====== Extracted data ======

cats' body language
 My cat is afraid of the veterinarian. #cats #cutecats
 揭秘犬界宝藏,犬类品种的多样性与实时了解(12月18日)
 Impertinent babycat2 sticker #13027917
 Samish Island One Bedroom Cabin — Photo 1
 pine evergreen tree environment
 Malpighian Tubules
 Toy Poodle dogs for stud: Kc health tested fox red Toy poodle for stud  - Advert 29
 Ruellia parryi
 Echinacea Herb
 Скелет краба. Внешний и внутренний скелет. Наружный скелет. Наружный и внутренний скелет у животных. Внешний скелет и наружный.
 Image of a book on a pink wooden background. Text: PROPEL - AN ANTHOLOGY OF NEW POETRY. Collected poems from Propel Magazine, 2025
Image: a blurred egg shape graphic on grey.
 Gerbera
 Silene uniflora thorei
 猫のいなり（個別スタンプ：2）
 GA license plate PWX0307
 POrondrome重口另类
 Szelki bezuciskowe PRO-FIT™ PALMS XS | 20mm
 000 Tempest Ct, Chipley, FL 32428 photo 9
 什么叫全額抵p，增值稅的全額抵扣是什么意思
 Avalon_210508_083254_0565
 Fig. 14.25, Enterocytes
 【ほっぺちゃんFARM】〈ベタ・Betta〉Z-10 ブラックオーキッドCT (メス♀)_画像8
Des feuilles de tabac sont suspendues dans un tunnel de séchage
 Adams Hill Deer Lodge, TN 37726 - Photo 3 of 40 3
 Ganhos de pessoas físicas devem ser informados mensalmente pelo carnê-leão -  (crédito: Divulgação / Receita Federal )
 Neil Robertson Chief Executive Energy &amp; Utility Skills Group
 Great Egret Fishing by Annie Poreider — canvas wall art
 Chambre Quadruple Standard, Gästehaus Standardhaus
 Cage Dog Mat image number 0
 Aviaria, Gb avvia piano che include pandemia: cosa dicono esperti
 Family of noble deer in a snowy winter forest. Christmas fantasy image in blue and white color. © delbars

======

_How to complete this task_. Lines from the one holding "Impertinent babycat2 sticker #13027917" through the last line of the material are to be repeated exactly; no other lines belong in the answer.

_Task solution_.
 Impertinent babycat2 sticker #13027917
 Samish Island One Bedroom Cabin — Photo 1
 pine evergreen tree environment
 Malpighian Tubules
 Toy Poodle dogs for stud: Kc health tested fox red Toy poodle for stud  - Advert 29
 Ruellia parryi
 Echinacea Herb
 Скелет краба. Внешний и внутренний скелет. Наружный скелет. Наружный и внутренний скелет у животных. Внешний скелет и наружный.
 Image of a book on a pink wooden background. Text: PROPEL - AN ANTHOLOGY OF NEW POETRY. Collected poems from Propel Magazine, 2025
Image: a blurred egg shape graphic on grey.
 Gerbera
 Silene uniflora thorei
 猫のいなり（個別スタンプ：2）
 GA license plate PWX0307
 POrondrome重口另类
 Szelki bezuciskowe PRO-FIT™ PALMS XS | 20mm
 000 Tempest Ct, Chipley, FL 32428 photo 9
 什么叫全額抵p，增值稅的全額抵扣是什么意思
 Avalon_210508_083254_0565
 Fig. 14.25, Enterocytes
 【ほっぺちゃんFARM】〈ベタ・Betta〉Z-10 ブラックオーキッドCT (メス♀)_画像8
Des feuilles de tabac sont suspendues dans un tunnel de séchage
 Adams Hill Deer Lodge, TN 37726 - Photo 3 of 40 3
 Ganhos de pessoas físicas devem ser informados mensalmente pelo carnê-leão -  (crédito: Divulgação / Receita Federal )
 Neil Robertson Chief Executive Energy &amp; Utility Skills Group
 Great Egret Fishing by Annie Poreider — canvas wall art
 Chambre Quadruple Standard, Gästehaus Standardhaus
 Cage Dog Mat image number 0
 Aviaria, Gb avvia piano che include pandemia: cosa dicono esperti
 Family of noble deer in a snowy winter forest. Christmas fantasy image in blue and white color. © delbars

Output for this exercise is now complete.